[Opening SOURCE RECORDS section]

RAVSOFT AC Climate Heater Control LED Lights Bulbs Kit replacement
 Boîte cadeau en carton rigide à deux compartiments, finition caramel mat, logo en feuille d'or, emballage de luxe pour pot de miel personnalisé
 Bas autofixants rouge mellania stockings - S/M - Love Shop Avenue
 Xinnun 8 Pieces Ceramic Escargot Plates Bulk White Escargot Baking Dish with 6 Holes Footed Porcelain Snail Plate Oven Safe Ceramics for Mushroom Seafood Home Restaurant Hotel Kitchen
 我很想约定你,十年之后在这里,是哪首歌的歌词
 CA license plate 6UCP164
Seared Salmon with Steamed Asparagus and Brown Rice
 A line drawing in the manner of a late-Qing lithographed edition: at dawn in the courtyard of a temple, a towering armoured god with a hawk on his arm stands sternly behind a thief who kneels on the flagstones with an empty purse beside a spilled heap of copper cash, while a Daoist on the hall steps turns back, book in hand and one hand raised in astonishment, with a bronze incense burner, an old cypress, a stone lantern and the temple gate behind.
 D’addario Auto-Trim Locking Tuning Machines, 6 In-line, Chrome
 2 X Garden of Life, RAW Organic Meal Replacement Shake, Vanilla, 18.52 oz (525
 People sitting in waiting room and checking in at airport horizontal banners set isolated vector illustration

[Closing SOURCE RECORDS section]

● WHAT THE TASK ASKS: Would you write out the listing above exactly, in full?

● SOLUTION TO THIS EXERCISE:
RAVSOFT AC Climate Heater Control LED Lights Bulbs Kit replacement
 Boîte cadeau en carton rigide à deux compartiments, finition caramel mat, logo en feuille d'or, emballage de luxe pour pot de miel personnalisé
 Bas autofixants rouge mellania stockings - S/M - Love Shop Avenue
 Xinnun 8 Pieces Ceramic Escargot Plates Bulk White Escargot Baking Dish with 6 Holes Footed Porcelain Snail Plate Oven Safe Ceramics for Mushroom Seafood Home Restaurant Hotel Kitchen
 我很想约定你,十年之后在这里,是哪首歌的歌词
 CA license plate 6UCP164
Seared Salmon with Steamed Asparagus and Brown Rice
 A line drawing in the manner of a late-Qing lithographed edition: at dawn in the courtyard of a temple, a towering armoured god with a hawk on his arm stands sternly behind a thief who kneels on the flagstones with an empty purse beside a spilled heap of copper cash, while a Daoist on the hall steps turns back, book in hand and one hand raised in astonishment, with a bronze incense burner, an old cypress, a stone lantern and the temple gate behind.
 D’addario Auto-Trim Locking Tuning Machines, 6 In-line, Chrome
 2 X Garden of Life, RAW Organic Meal Replacement Shake, Vanilla, 18.52 oz (525
 People sitting in waiting room and checking in at airport horizontal banners set isolated vector illustration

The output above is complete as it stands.